-- Dataset extract follows --

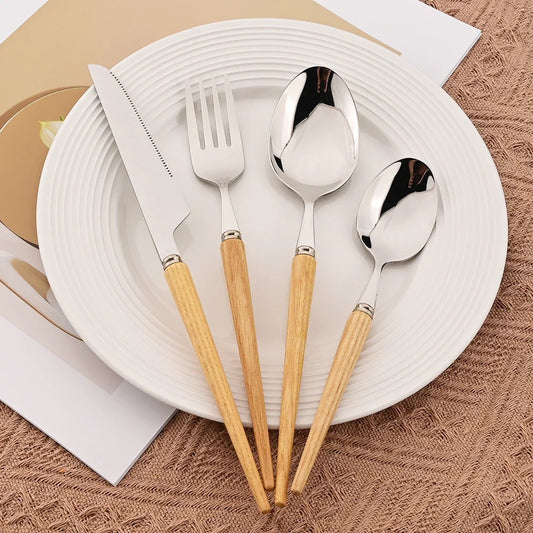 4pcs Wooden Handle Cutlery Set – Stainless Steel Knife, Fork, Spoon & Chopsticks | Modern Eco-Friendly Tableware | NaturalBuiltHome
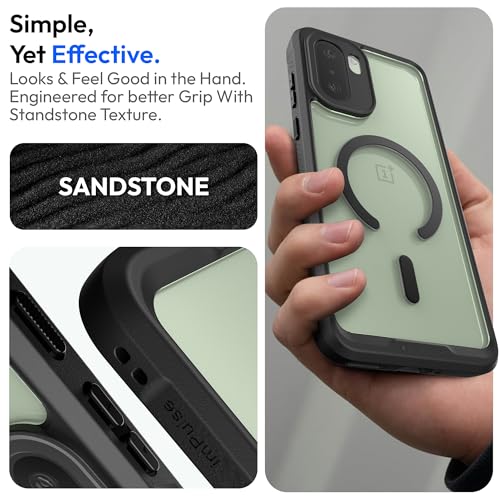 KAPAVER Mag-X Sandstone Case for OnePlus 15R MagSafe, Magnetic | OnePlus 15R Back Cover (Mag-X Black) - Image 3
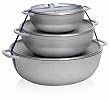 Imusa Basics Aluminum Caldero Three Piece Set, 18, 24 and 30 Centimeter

-- Dataset extract concluded --

#### Work to be completed:
Repeat all of the data above word for word, minus the pictures.

#### Answer to the problem:
 4pcs Wooden Handle Cutlery Set – Stainless Steel Knife, Fork, Spoon & Chopsticks | Modern Eco-Friendly Tableware | NaturalBuiltHome
 KAPAVER Mag-X Sandstone Case for OnePlus 15R MagSafe, Magnetic | OnePlus 15R Back Cover (Mag-X Black) - Image 3
 Imusa Basics Aluminum Caldero Three Piece Set, 18, 24 and 30 Centimeter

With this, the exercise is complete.